As I headed toward the situation, thoughts began to run through my head of what my daughter could have possibly done to provoke such a response. My daughter is full of fire and bold, “stand up and claim it” kind of tenacity, the kind I can only dream of having. She constantly stands on a soapbox declaring how she will conquer her day, even if that means casually overstepping her boundaries. She can be genuinely thoughtful, but sometimes in her fearless attitude, she can be a little bossy.
For the most part, my kids get along well. Extremely well. And at seven and nine, I have had very little need to interfere. When I do have to put on the referee hat, it’s usually in my son’s defense. While I love my strong-willed girl, she has a hard time accepting help from her big brother. Whether or not she needs help, she would never ask for it. Today’s battle was different. I was not walking into the “typical big brother is only trying to help” situation. This was hate.

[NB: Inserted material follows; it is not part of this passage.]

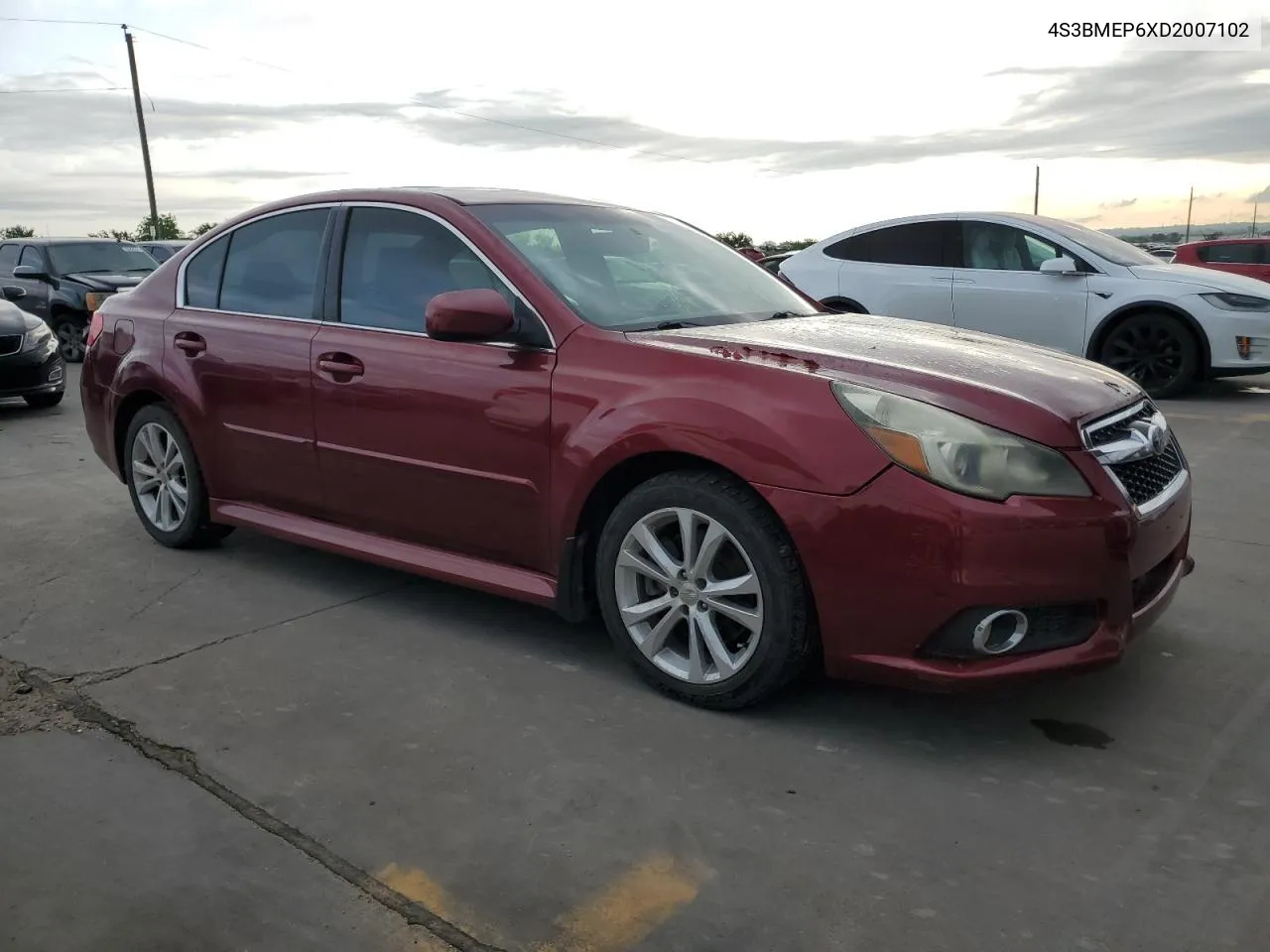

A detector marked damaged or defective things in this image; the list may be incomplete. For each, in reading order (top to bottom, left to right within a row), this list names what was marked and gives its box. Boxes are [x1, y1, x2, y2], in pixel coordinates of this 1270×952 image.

As I gathered the kids into the living room for a family talk, I whispered, “Lord, help me.” I started by asking what happened and listened as both parties plead their case. Then I heard the Holy Spirit whisper, “What is the root of the problem?”
I shared with them how their reactions to what had happened that day was not caused only by today’s events. Past offenses had been used as today’s ammo. I explained to my daughter why her brother responded the way he did and the offense it stemmed from. In turn I explained to my son the underlying root cause that provoked his sister to take such action. Tears filled their eyes, and I knew I had exposed the truth.

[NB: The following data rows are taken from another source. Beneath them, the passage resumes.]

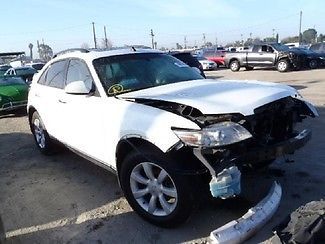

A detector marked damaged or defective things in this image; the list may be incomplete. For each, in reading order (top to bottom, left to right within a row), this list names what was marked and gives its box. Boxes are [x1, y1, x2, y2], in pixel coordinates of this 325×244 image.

crumpled hood [117, 78, 298, 116]
damaged white suv [27, 47, 316, 227]
detached bumper piece [210, 182, 280, 243]
missing front bumper [210, 181, 280, 244]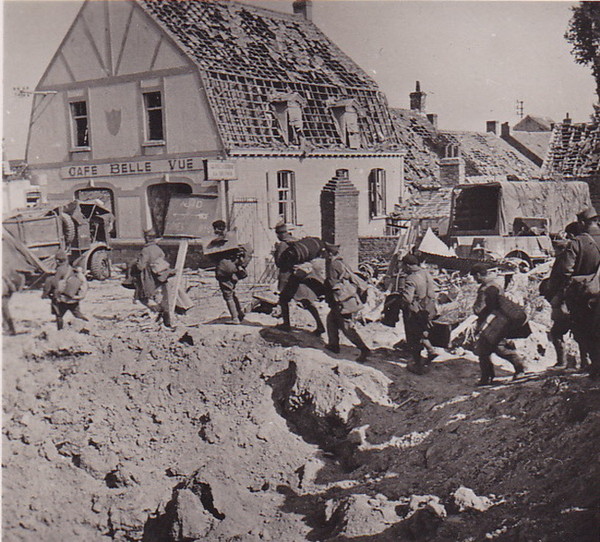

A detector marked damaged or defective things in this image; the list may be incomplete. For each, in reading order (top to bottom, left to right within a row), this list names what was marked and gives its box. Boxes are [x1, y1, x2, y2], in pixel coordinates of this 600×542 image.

broken tile roof [135, 1, 398, 153]
damaged building [27, 0, 404, 272]
broken tile roof [392, 108, 540, 187]
broken tile roof [440, 131, 544, 180]
broken tile roof [540, 119, 600, 178]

I then explained how sometimes our feelings get hurt, and if not dealt with, the feelings can grow into something bigger. Sometimes we hurt other’s feelings without even realizing it. And sometimes we do it out of our own hurt. By telling them they were in a safe place to share those hurts, they were encouraged to repent and soon after asked each other for forgiveness.
I could have chosen to just discipline them both and send them to their rooms. However, I chose the harder route, and I know that will ultimately shape who they become. Conversations like these are not easy and are certainly not my favorite. But as their parent, I am responsible for taking the time to teach and guide them through life while shining God’s light into situations.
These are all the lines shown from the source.